An optional `sort` parameter will be used preferentially when
[[ikiwiki/pagespec/sorting]] by `meta(title)`:

       \[[!meta title="The Beatles" sort="Beatles, The"]]

       \[[!meta title="David Bowie" sort="Bowie, David"]]

[in author]

  An optional `sortas` parameter will be used preferentially when
  [[ikiwiki/pagespec/sorting]] by `meta(author)`:

        \[[!meta author="Joey Hess" sortas="Hess, Joey"]]

### Sorting plugins (added to [[plugins/write]])

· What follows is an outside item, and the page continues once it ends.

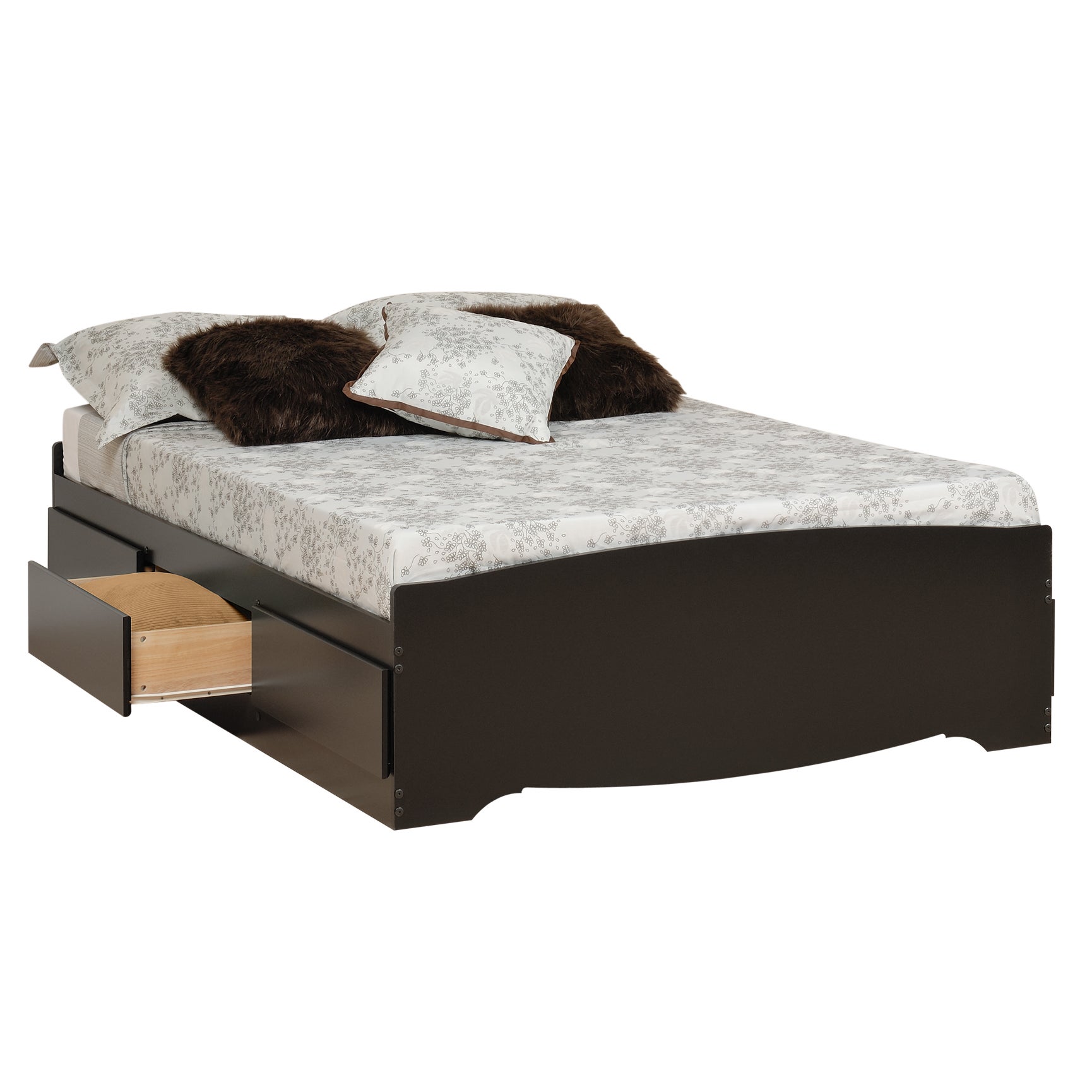 Sonoma Black Double Platform Storage Bed 6 Drawers Plus Size Sonoma Black Double Platform Storage Bed 6 Drawers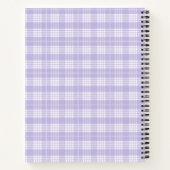 Carnet Ordinateur portable Spiral Plaid Violet (Dos)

Similarly, it's possible to write plugins that add new functions as
[[ikiwiki/pagespec/sorting]] methods. To achieve this, add a function to
the IkiWiki::SortSpec package named `cmp_foo`, which will be used when sorting
by `foo` or `foo(...)` is requested.

The names of pages to be compared are in the global variables `$a` and `$b`
in the IkiWiki::SortSpec package. The function should return the same thing
as Perl's `cmp` and `<=>` operators: negative if `$a` is less than `$b`,
positive if `$a` is greater, or zero if they are considered equal. It may
also raise an error using `error`, for instance if it needs a parameter but
one isn't provided.

The function will also be passed one or more parameters. The first is
`undef` if invoked as `foo`, or the parameter `"bar"` if invoked as `foo(bar)`;
it may also be passed additional, named parameters.